GOAL OF THE EXERCISE: Would you reproduce, word for word, only the lines running from the top of the data through the line containing "Kitchen island with", and none of the pictures?

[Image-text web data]
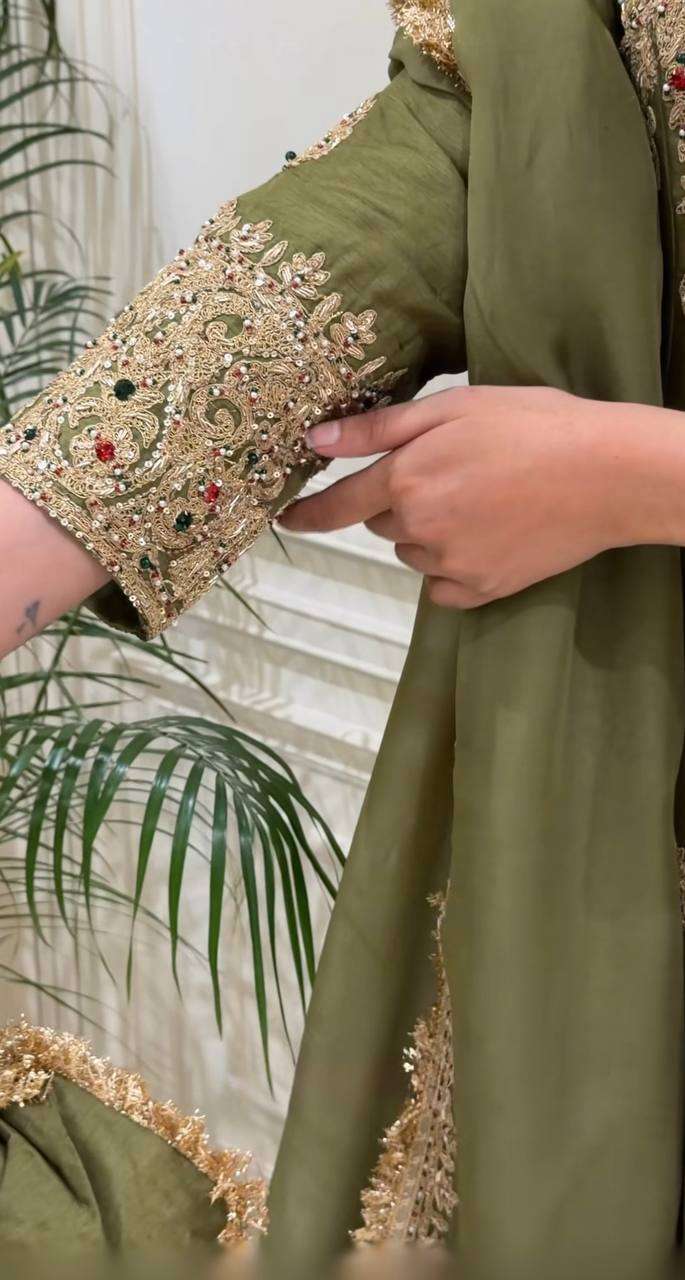 NSR 906 ROMAN SILK WITH HEAVY EMBROIDERY DESIGNER WORK WEDDING FUNCTION WEAR SUIT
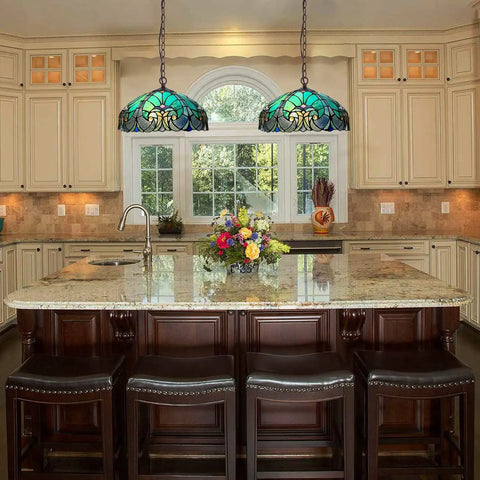 Kitchen island with Tiffany Style Stained Glass Pendant Light with 16 Inch Wide Shade, 67 Inch Tall Vintage Vibe Hanging Lamp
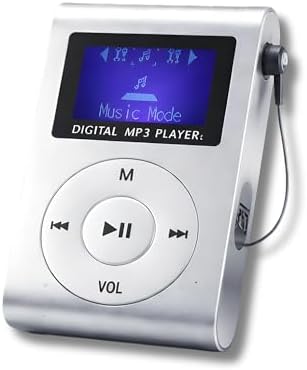 Drumstone Mini MP3 Music Player with LCD Display, Portable Digital Audio Player Supports Up to 64GB Memory Card, Compact Design for Sports, Travel & Everyday Listening – Silver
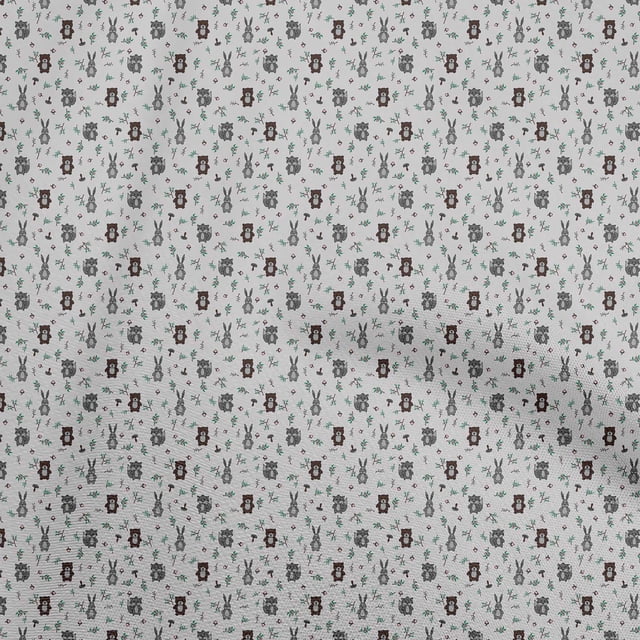 oneOone Rayon Gray Fabric Animal Sewing Craft Projects Fabric Prints By Yard 56 Inch Wide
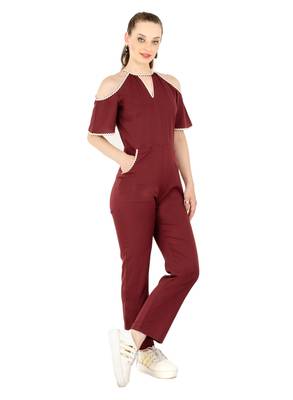 Women's Crepe Brown Casual Jumpsuit 2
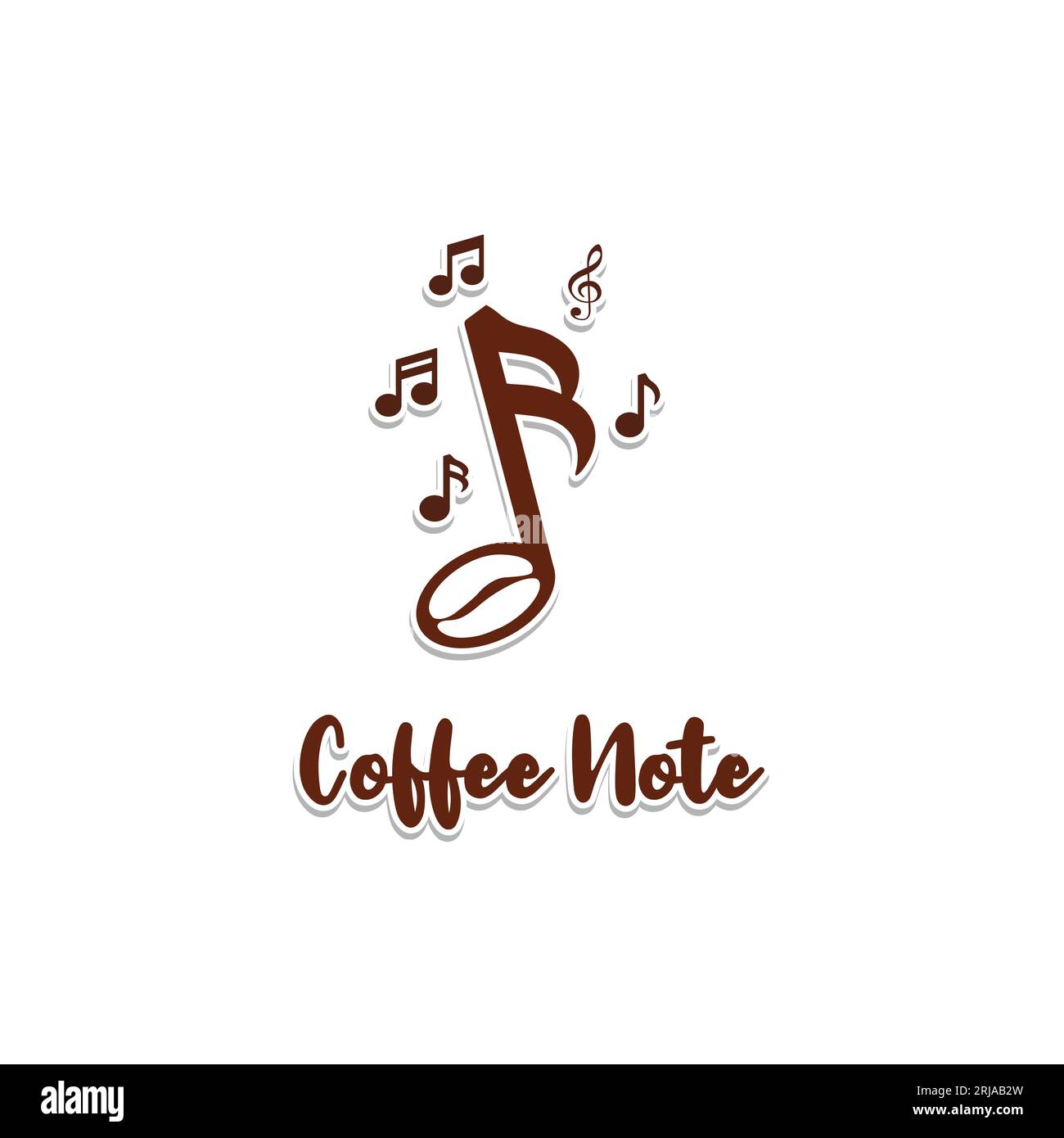 Music Notes And Coffee Beans Seeds – Inspiration Für Das Design Mit Natürlichem Logo Stock Vektor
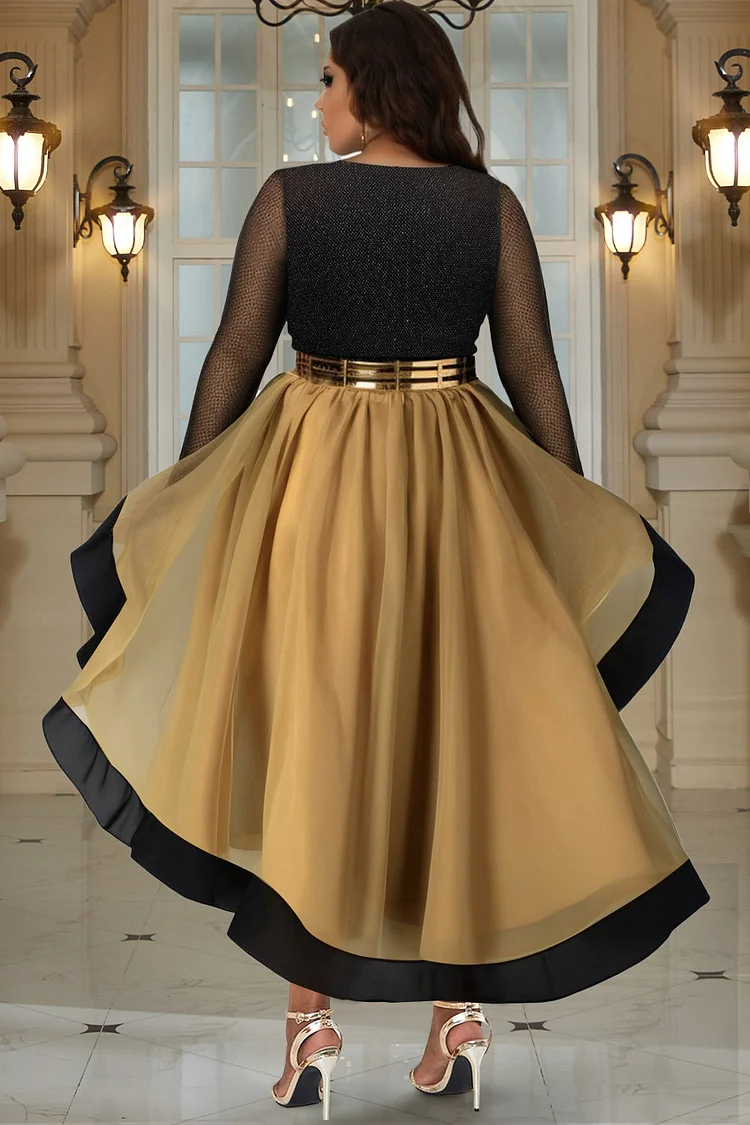 Xpluswear Design Plus Size Cocktail Party Black Gold V Neck Long Sleeve High Low Hem Tulle Midi Dresses [Pre-Order]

ANSWER:
 NSR 906 ROMAN SILK WITH HEAVY EMBROIDERY DESIGNER WORK WEDDING FUNCTION WEAR SUIT
 Kitchen island with Tiffany Style Stained Glass Pendant Light with 16 Inch Wide Shade, 67 Inch Tall Vintage Vibe Hanging Lamp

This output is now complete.